- Requirement -
Repeat the data that follows exactly, starting at the line with "Mavi Erkek Çocuk" and ending at the line with "Faux-Fur-Jacke HOVY in Braun", and leave out every picture.

- Records for the task -
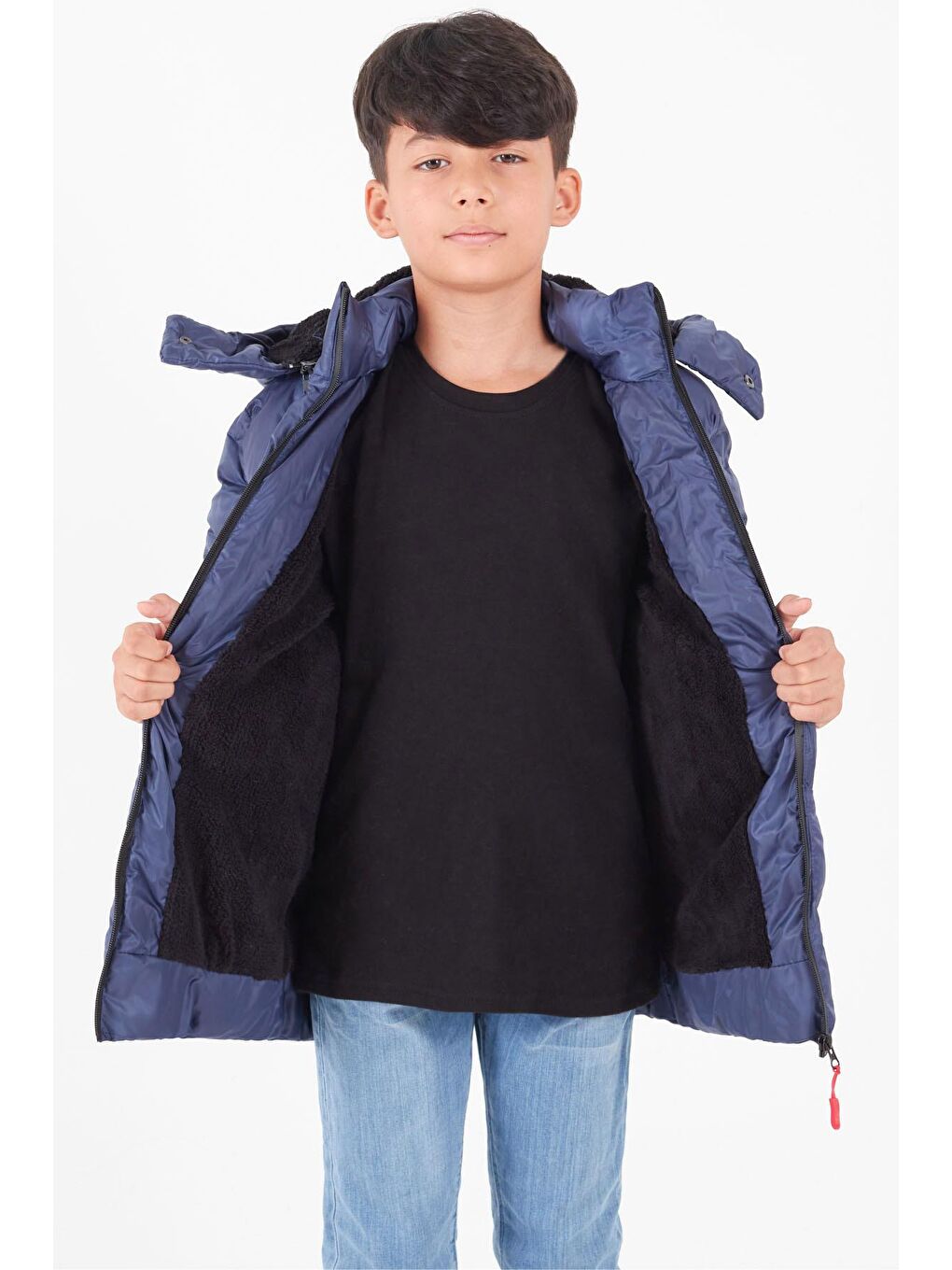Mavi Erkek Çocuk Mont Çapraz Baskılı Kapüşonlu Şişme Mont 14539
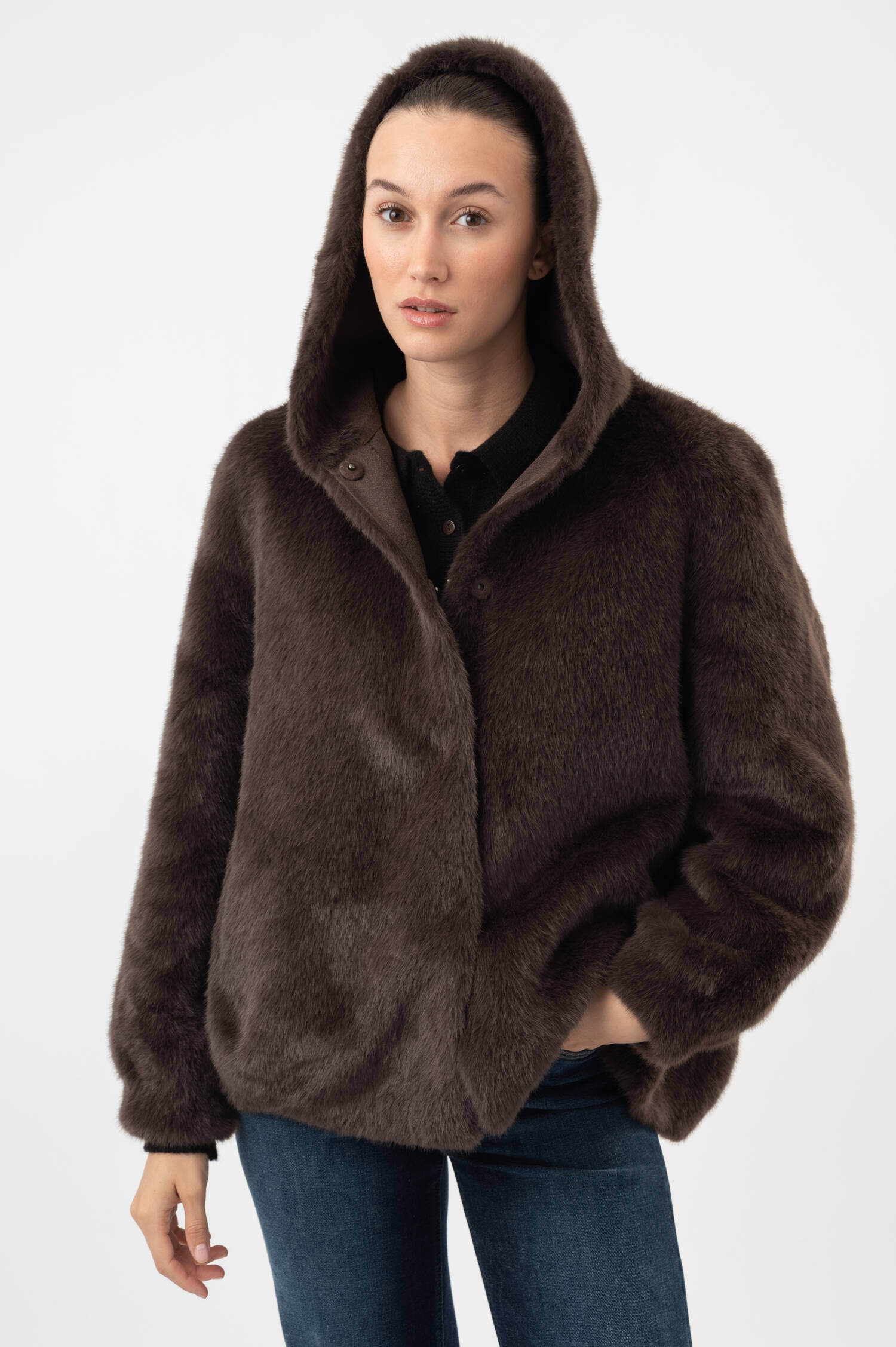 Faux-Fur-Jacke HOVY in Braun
---
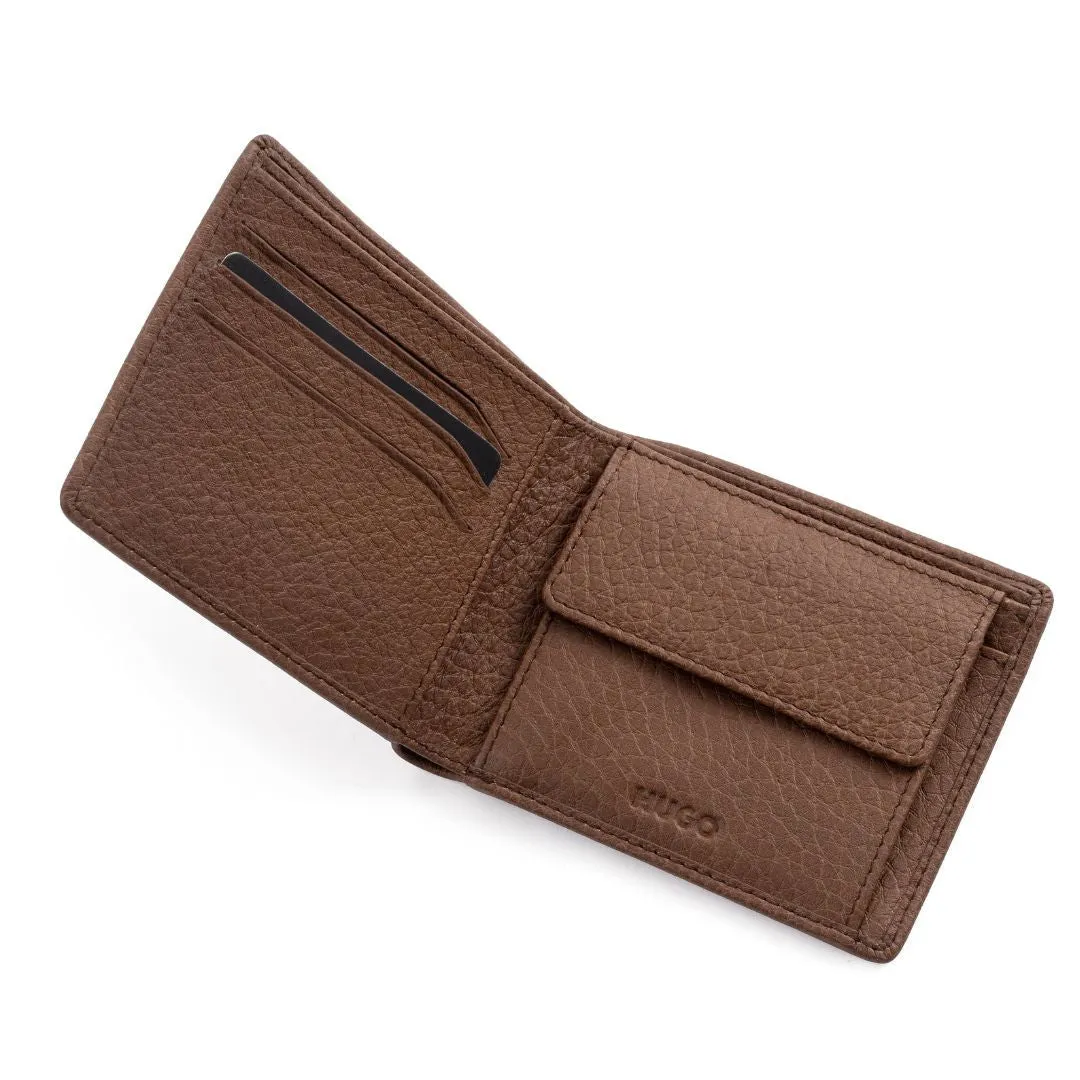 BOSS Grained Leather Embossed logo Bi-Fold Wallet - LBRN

- Solution to this problem -
Mavi Erkek Çocuk Mont Çapraz Baskılı Kapüşonlu Şişme Mont 14539
 Faux-Fur-Jacke HOVY in Braun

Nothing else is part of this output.